Work instructions:
Leaving pictures out, repeat word for word the line that has "Kate Spade Silver" and each line that follows it to the end of the listing.

Information provided:
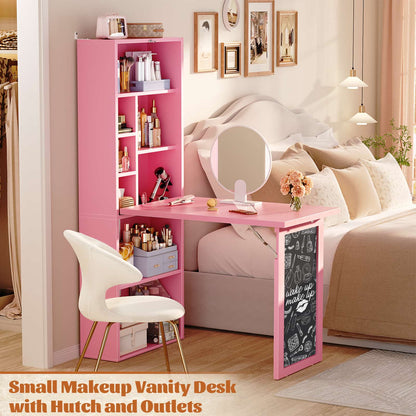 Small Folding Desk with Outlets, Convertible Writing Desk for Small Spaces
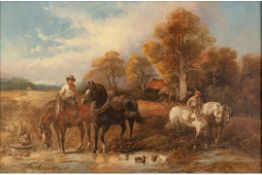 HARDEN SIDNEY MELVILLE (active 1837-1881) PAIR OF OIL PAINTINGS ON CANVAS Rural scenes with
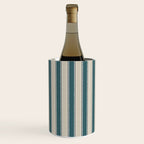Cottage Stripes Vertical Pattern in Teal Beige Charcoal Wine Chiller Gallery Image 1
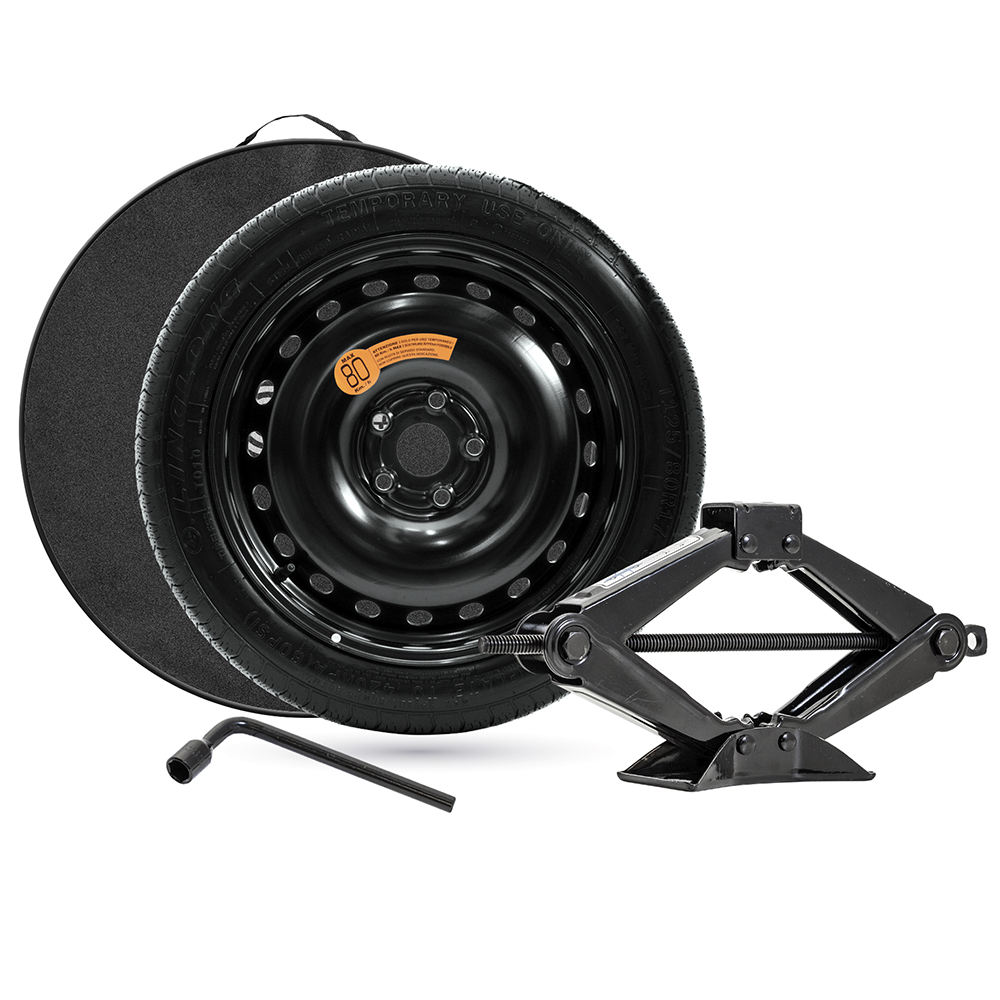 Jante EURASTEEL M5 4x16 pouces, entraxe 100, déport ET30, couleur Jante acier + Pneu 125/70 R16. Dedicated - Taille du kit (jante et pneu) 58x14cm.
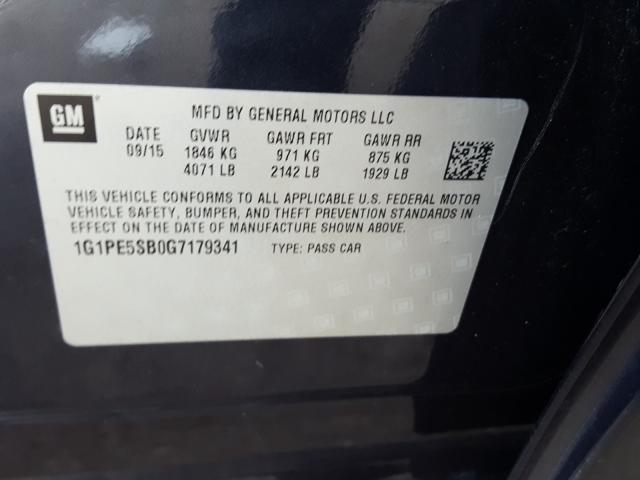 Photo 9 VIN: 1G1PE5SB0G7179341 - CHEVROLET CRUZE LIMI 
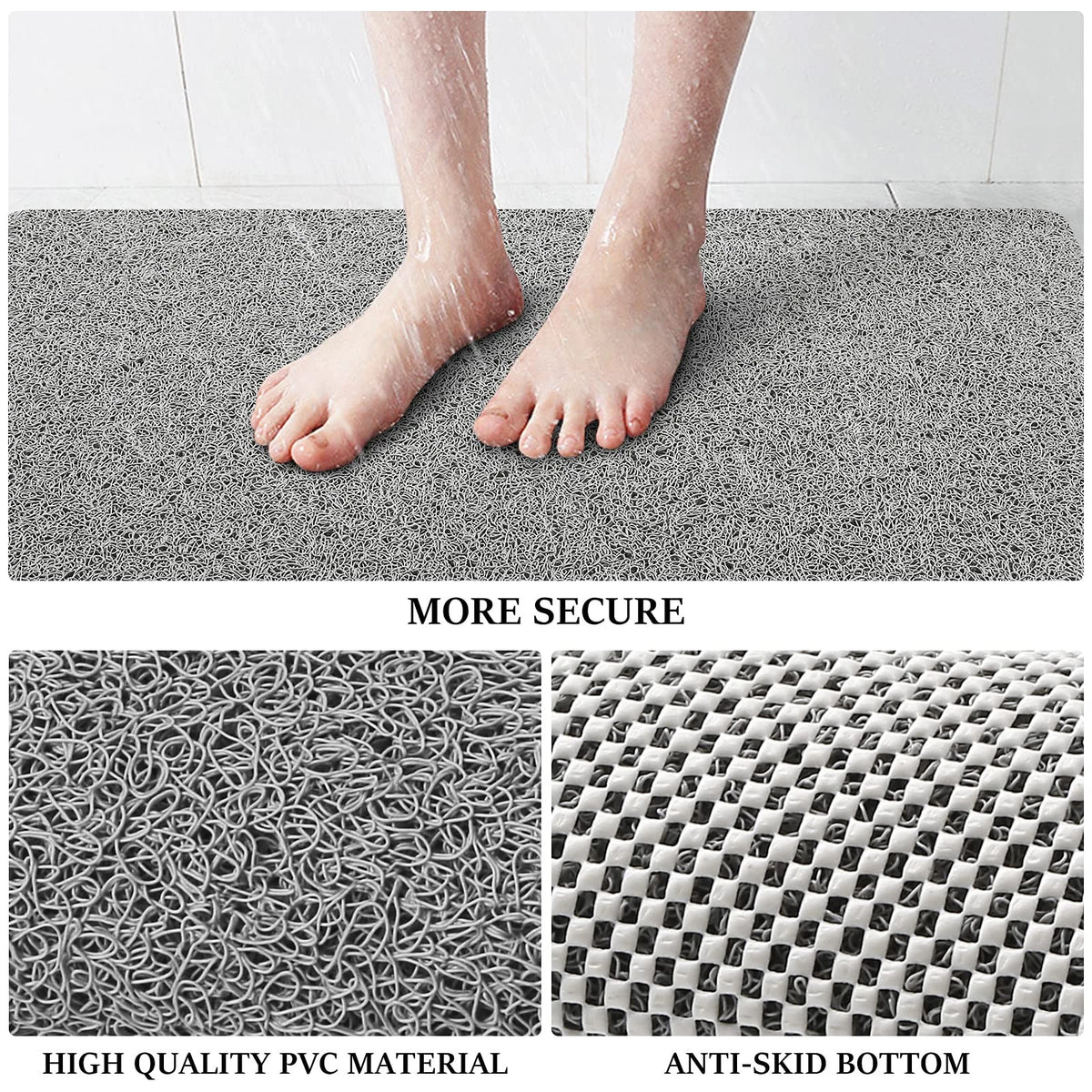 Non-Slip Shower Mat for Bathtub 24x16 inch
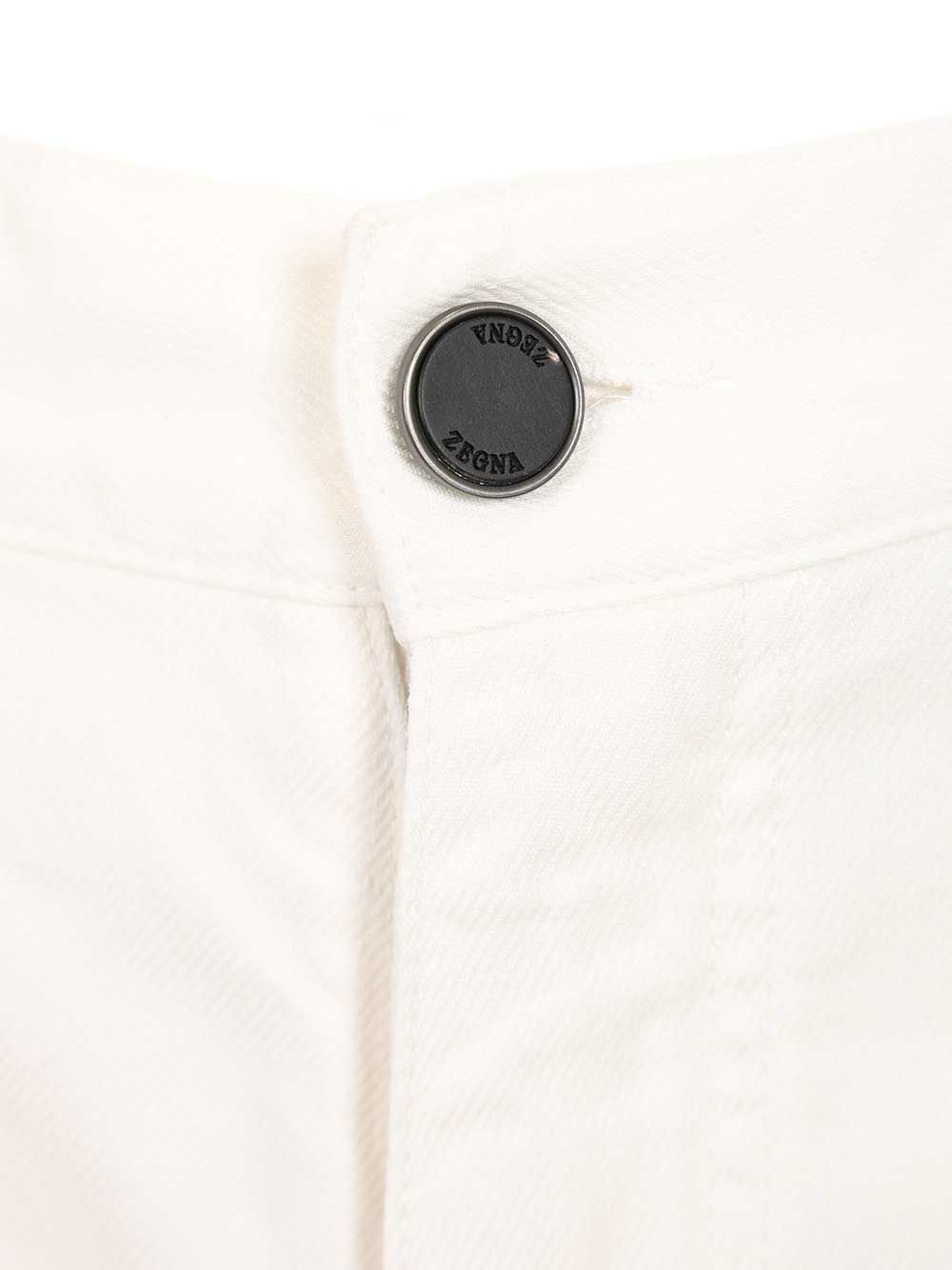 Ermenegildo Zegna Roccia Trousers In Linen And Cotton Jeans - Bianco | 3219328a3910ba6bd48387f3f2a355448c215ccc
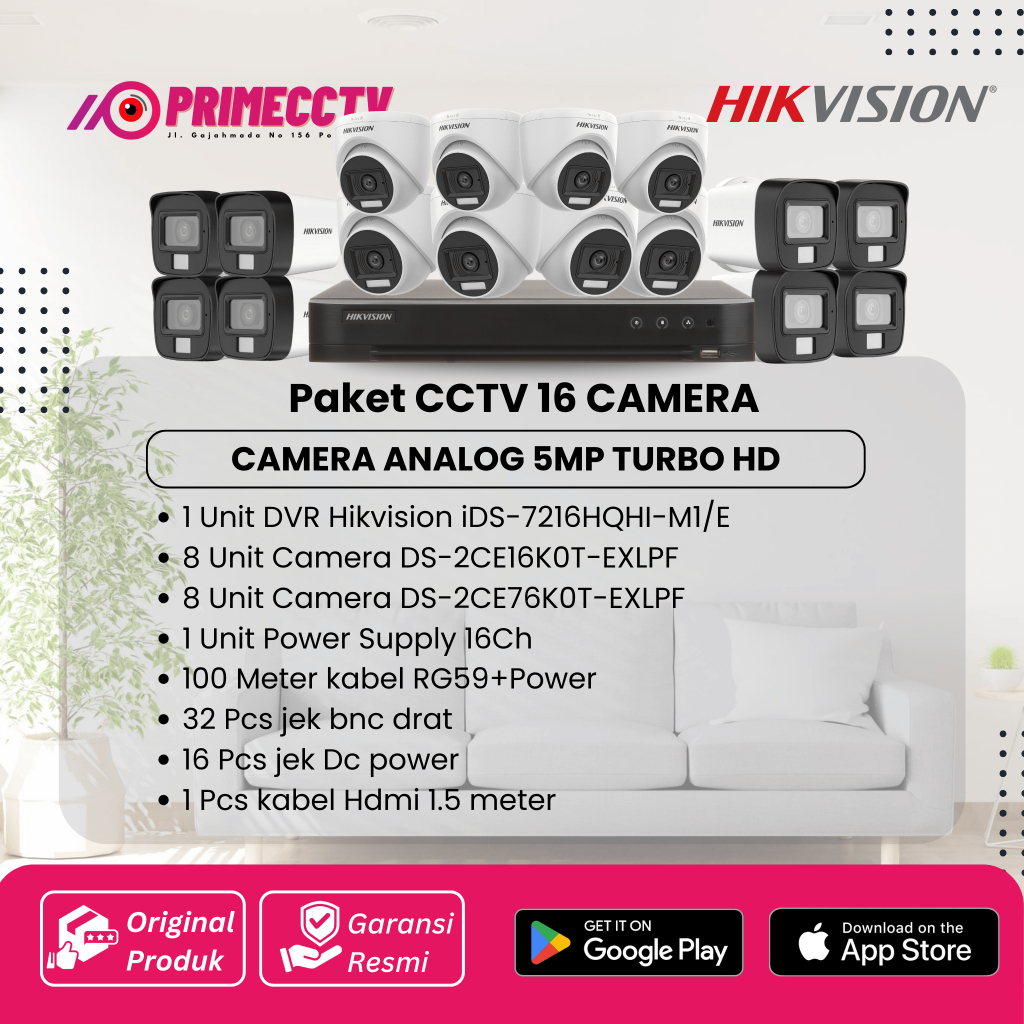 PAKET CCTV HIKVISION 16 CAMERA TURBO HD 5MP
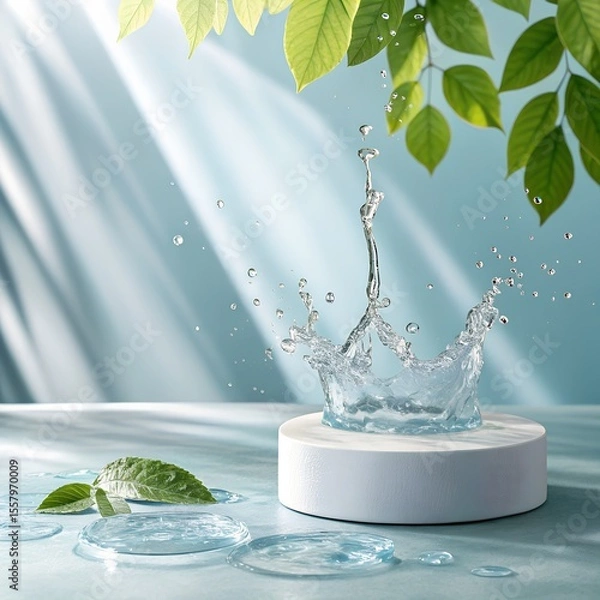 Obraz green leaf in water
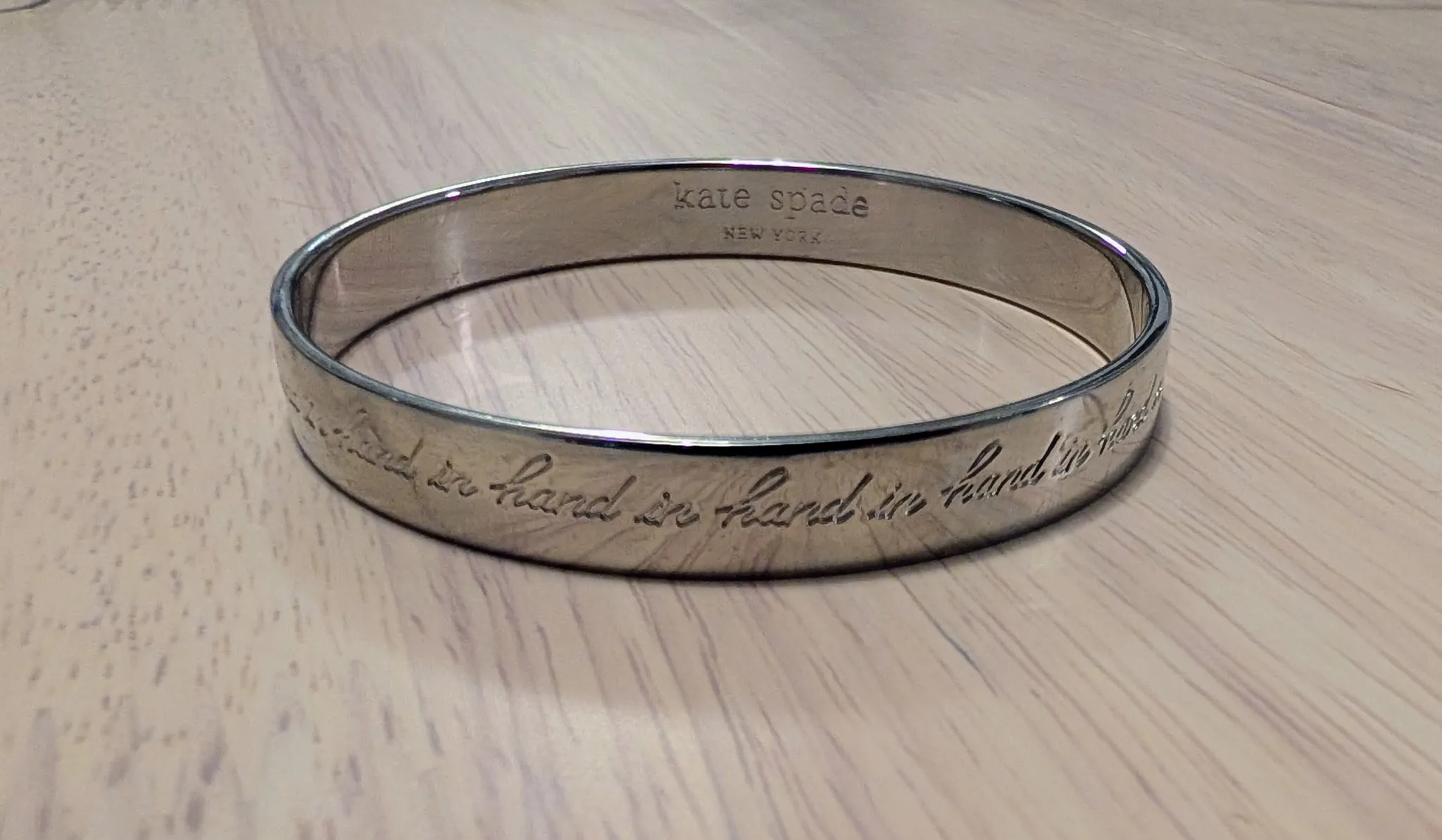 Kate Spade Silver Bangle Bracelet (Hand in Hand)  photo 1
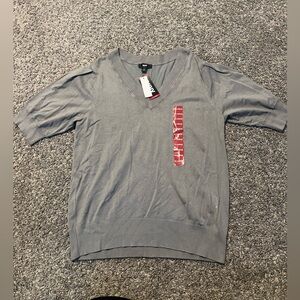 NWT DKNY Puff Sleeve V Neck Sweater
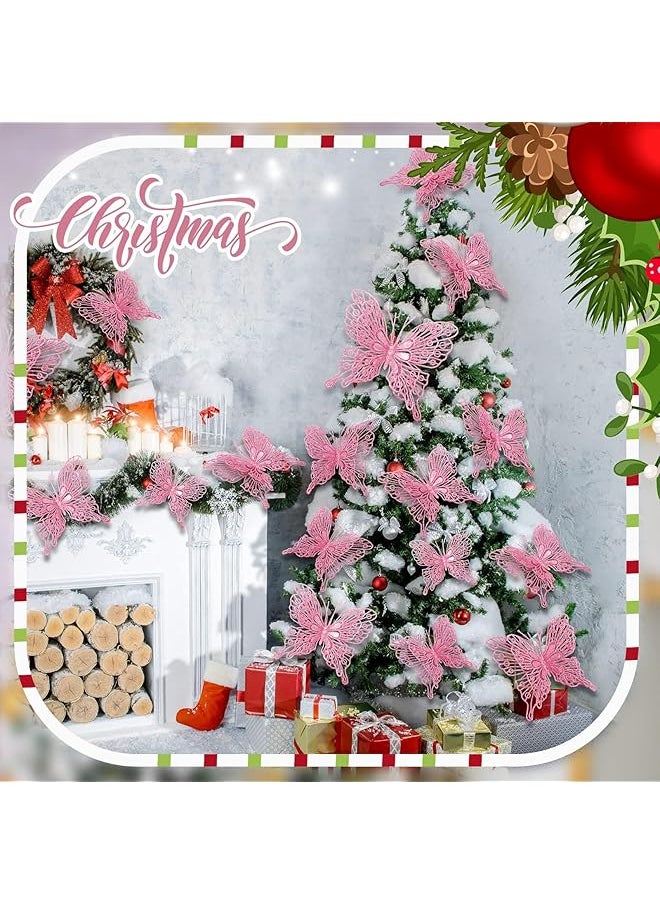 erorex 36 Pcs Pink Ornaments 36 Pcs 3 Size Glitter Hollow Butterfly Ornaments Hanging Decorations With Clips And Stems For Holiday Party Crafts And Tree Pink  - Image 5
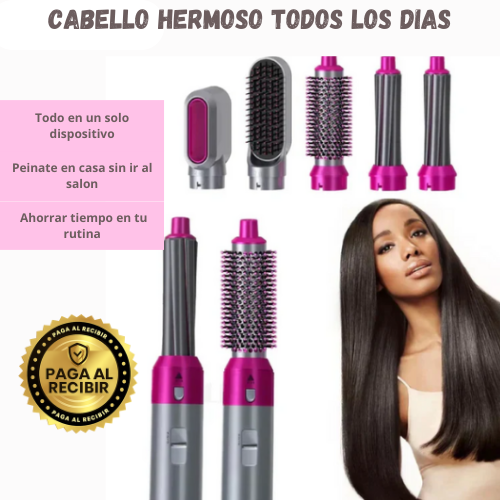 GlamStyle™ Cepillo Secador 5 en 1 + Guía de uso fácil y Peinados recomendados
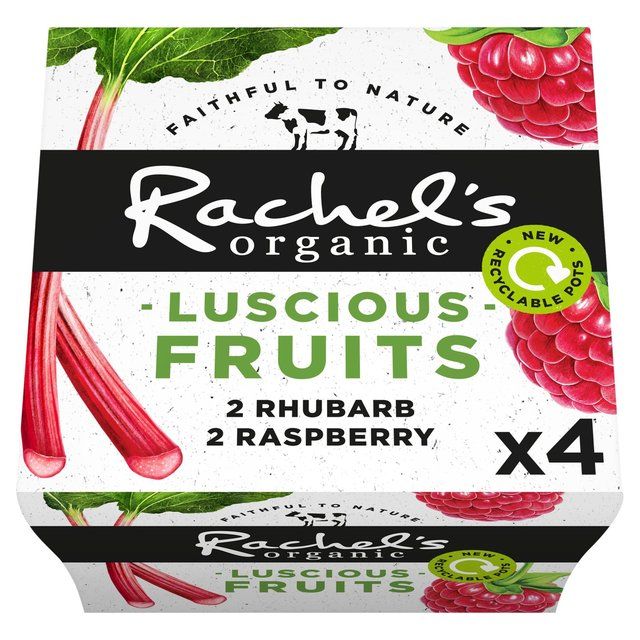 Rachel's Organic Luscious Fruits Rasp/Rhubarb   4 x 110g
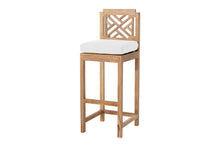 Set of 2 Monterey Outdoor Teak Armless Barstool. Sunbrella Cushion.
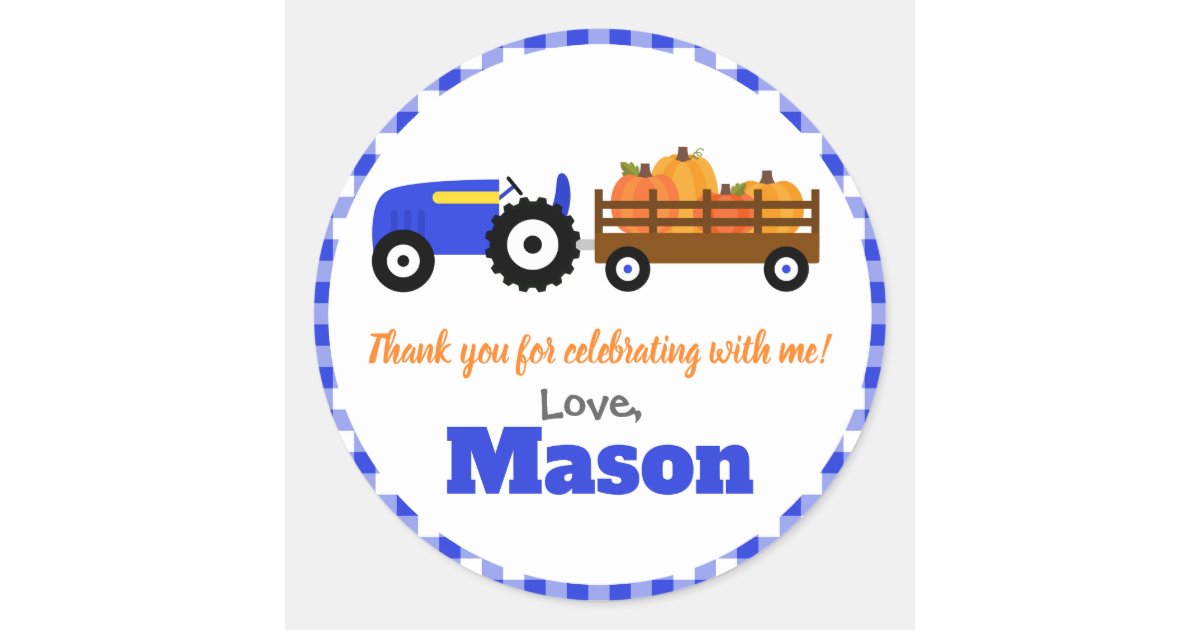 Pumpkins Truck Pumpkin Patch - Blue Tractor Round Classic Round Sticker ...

Worked solution:
 Kate Spade Silver Bangle Bracelet (Hand in Hand)  photo 1
 NWT DKNY Puff Sleeve V Neck Sweater
 erorex 36 Pcs Pink Ornaments 36 Pcs 3 Size Glitter Hollow Butterfly Ornaments Hanging Decorations With Clips And Stems For Holiday Party Crafts And Tree Pink  - Image 5
 GlamStyle™ Cepillo Secador 5 en 1 + Guía de uso fácil y Peinados recomendados
 Rachel's Organic Luscious Fruits Rasp/Rhubarb   4 x 110g
 Set of 2 Monterey Outdoor Teak Armless Barstool. Sunbrella Cushion.
 Pumpkins Truck Pumpkin Patch - Blue Tractor Round Classic Round Sticker ...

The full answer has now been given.